Between 2017 and 2019, 55 crashes were reported in the intersection — which has a traffic light and is heavily used by trucks going to nearby industrial sites and pedestrians and vehicles heading to nearby hotels and restaurants as well as Bangor International Airport — according to a new draft study from the Old Town engineering firm Sewall. However, just 18 percent of those crashes resulted in injuries.
The study was requested by the city of Bangor and commissioned through the Bangor Area Comprehensive Transportation System, a regional nonprofit that evaluates projects that may receive state and federal funding.
In the study, Sewall recommended improving the flow of traffic through that intersection by adding double left-hand turning lanes in two areas: on the eastbound section of Hammond Street and the southbound section of Odlin Road.
The firm also recommended adding rumble strips onto I-395 westbound and the exit ramp from the southbound lanes of I-95, as the area where they merge was the location of a significant portion of the crashes.
More than half of the crashes in that intersection involved one vehicle striking the rear-end of another, and 14 of those rear-end collisions happened as drivers had to rapidly reduce speed as they approached the intersection on westbound I-395, according to the most recently available state data. During those same years, another 17 crashes happened in a neighboring intersection, as drivers exited the southbound lanes of nearby I-95 southbound and merged onto I-395 westbound.

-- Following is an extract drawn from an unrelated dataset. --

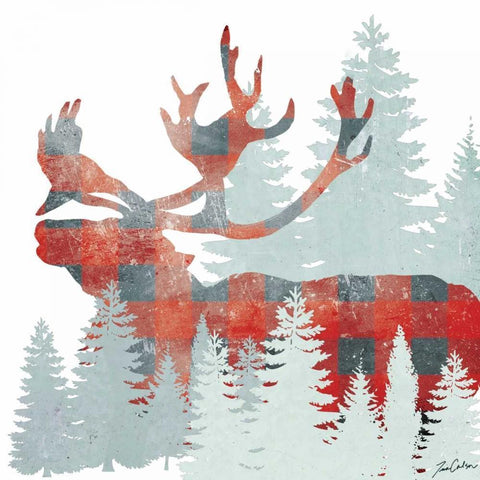 Plaid Caribou Forest Black Modern Wood Framed Art Print by Carlson, Tina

Other crashes from those years in the Odlin Road and I-395 intersection were the result of drivers running red lights, sideswiping other vehicles or running off the road.
Representatives from Sewall and the Bangor Area Comprehensive Transportation System presented the draft report at a meeting of the Bangor City Council’s infrastructure committee on Tuesday night and will incorporate any public comments into the final version.
The city would then be able to request state and federal funding for the project, and the regional transportation group would evaluate it and decide whether to move into the queue of regional projects to help fund, according to Dianne Rice-Hansen, transportation project manager at the Bangor Area Comprehensive Transportation System. If it goes through that process, the “very earliest” it could be started is 2024, she said.
It would cost between $1.5 million and $2 million to add the double turning lanes on Odlin Road and Hammond Street, according to preliminary estimates in the Sewall study.
As part of the study, the firm considered how several different approaches would change the intersection over the next decade. For example, it modeled how converting the intersection from a traffic light to a roundabout would affect traffic, but it found that change could actually add new delays and would be more expensive, at an estimated cost of $4 million to $5 million.